Work instructions: Return all of the data verbatim, dropping any picture.

Collection entries:
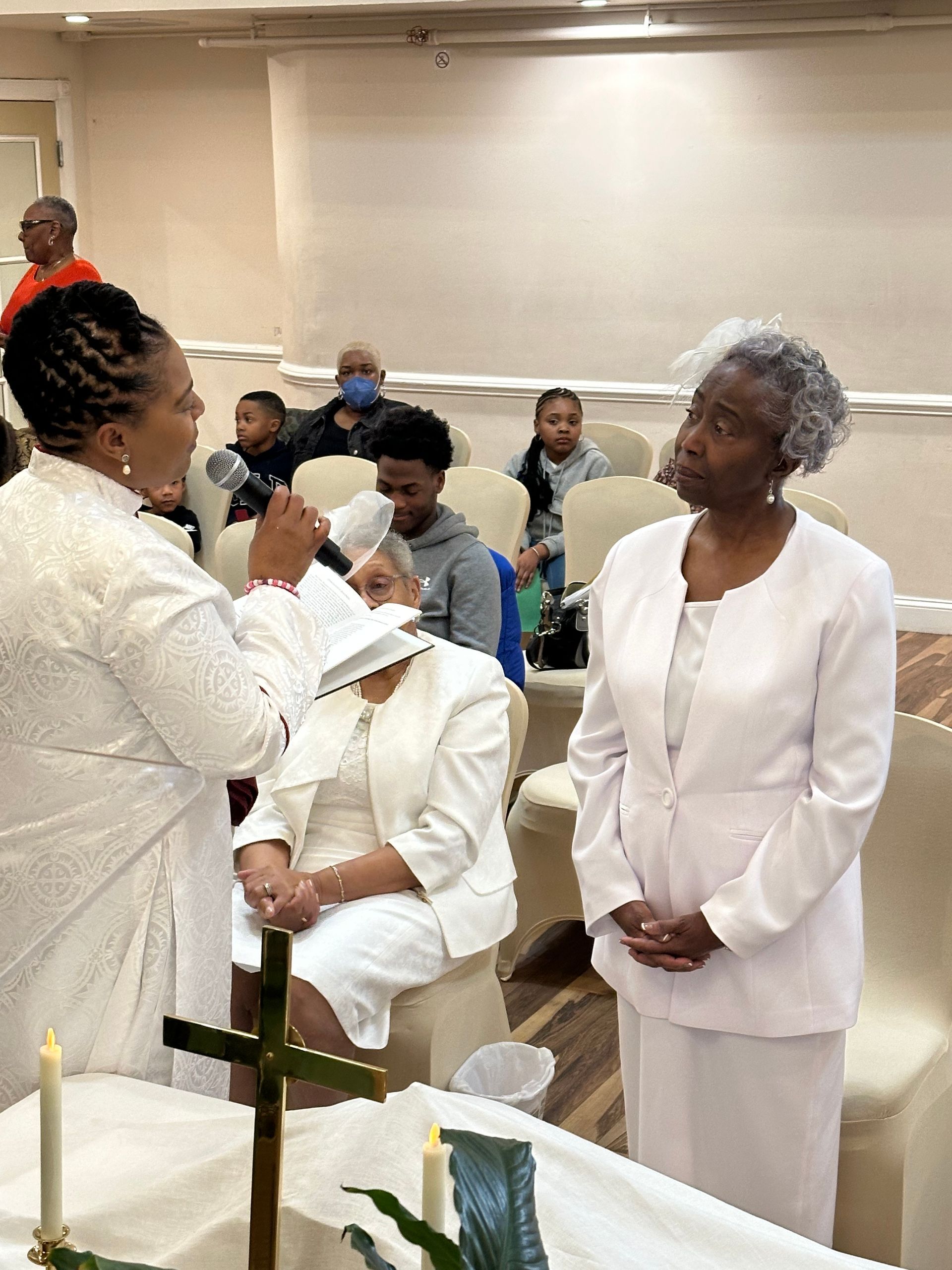 A woman is giving a sermon to a group of people in a church.
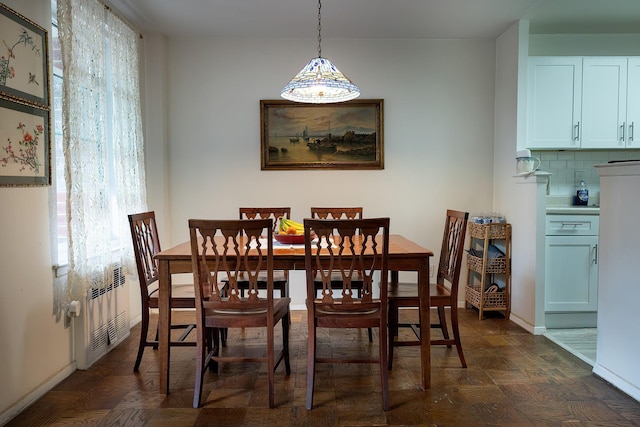 315 W 232nd St Unit 3C, Bronx, NY 10463 - dining space with healthy amount of natural light, baseboards, and radiator heating unit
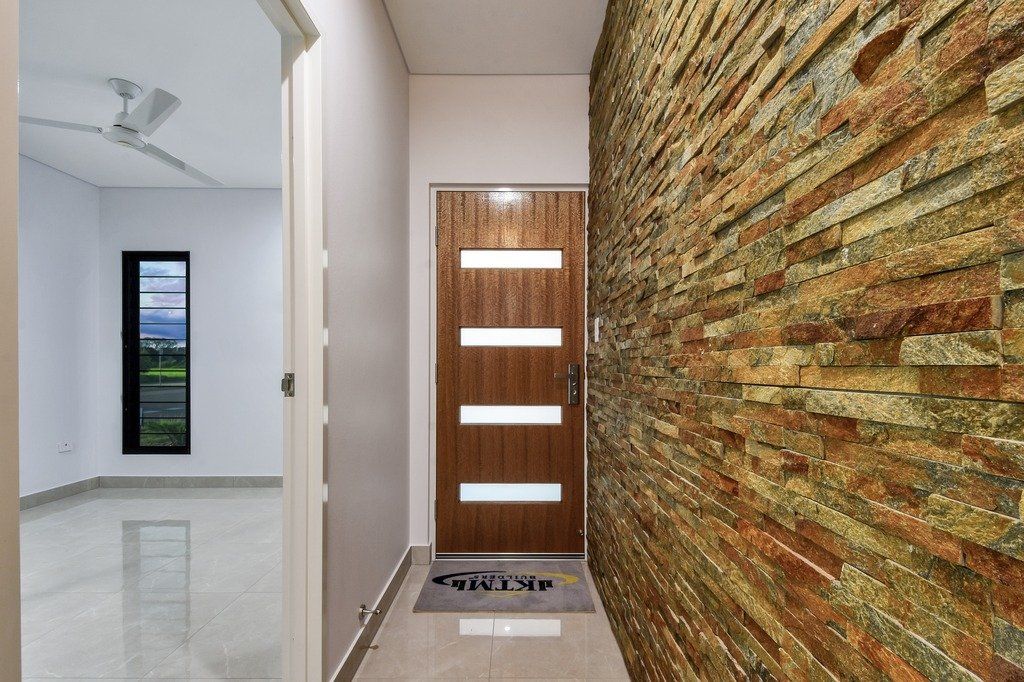 A hallway with a brick wall and a wooden door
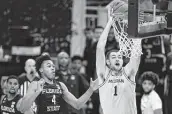  ?? Jeff Roberson / Associated Press ?? Michigan center Hunter Dickinson dunks in front of Florida State guard Scottie Barnes on Sunday.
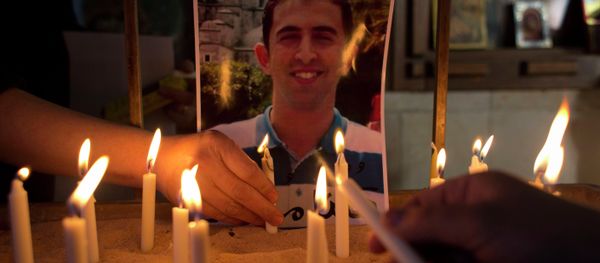 Two Jordanian women light candles next to a picture of Jordanian pilot Lt. Muath al-Kaseasbeh, who was murdered by Islamic State militants. Two Jordanian women light candles next to a picture of Jordanian pilot Lt. Muath al-Kaseasbeh, who was murdered by Islamic State militants. - Sputnik International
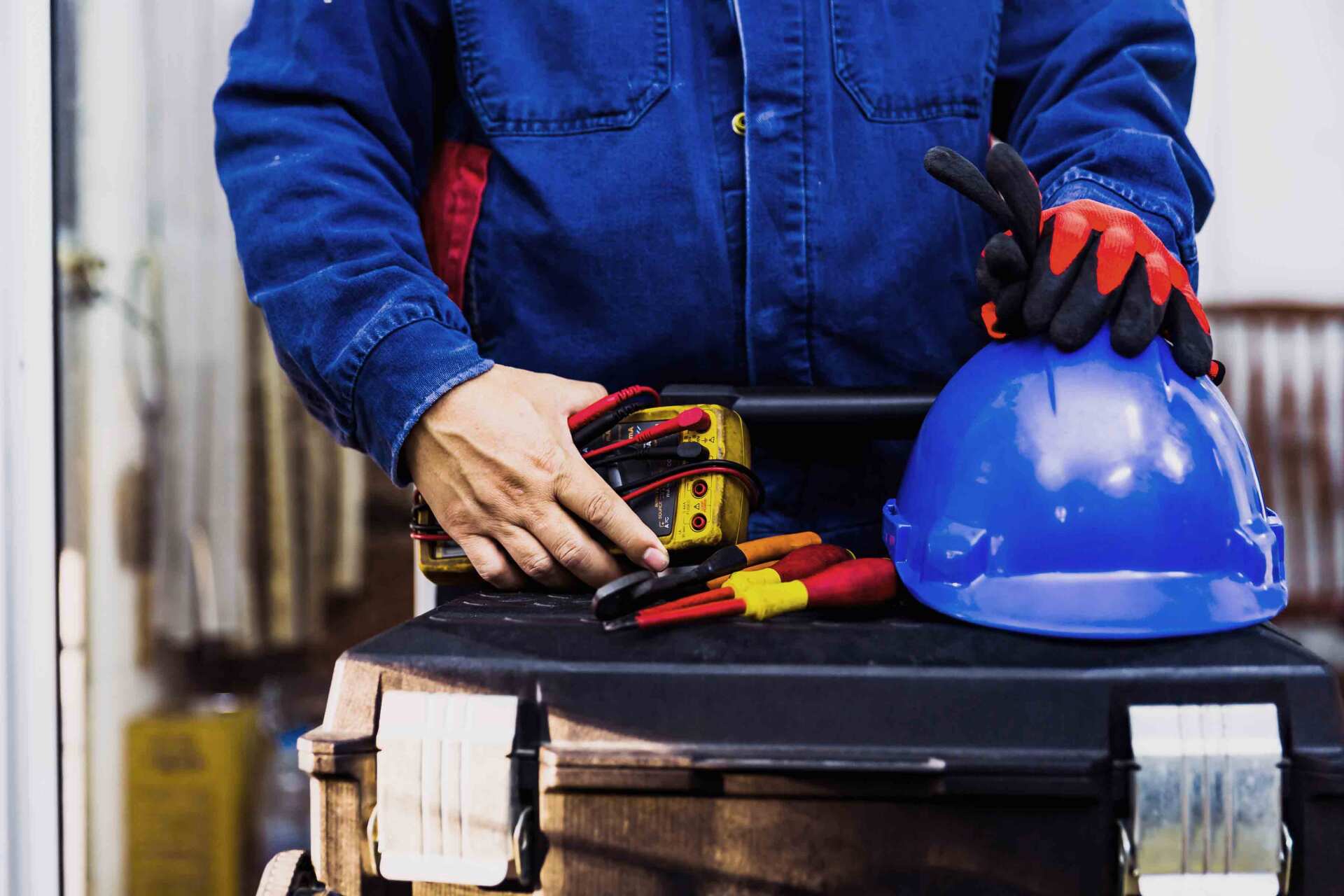 An Electrician Holding Electrical Tools — Electricians in Gold Coast, QLD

Result of this exercise:
 A woman is giving a sermon to a group of people in a church.
 315 W 232nd St Unit 3C, Bronx, NY 10463 - dining space with healthy amount of natural light, baseboards, and radiator heating unit
 A hallway with a brick wall and a wooden door
  ?? Jeff Roberson / Associated Press ?? Michigan center Hunter Dickinson dunks in front of Florida State guard Scottie Barnes on Sunday.
 Two Jordanian women light candles next to a picture of Jordanian pilot Lt. Muath al-Kaseasbeh, who was murdered by Islamic State militants. Two Jordanian women light candles next to a picture of Jordanian pilot Lt. Muath al-Kaseasbeh, who was murdered by Islamic State militants. - Sputnik International
 An Electrician Holding Electrical Tools — Electricians in Gold Coast, QLD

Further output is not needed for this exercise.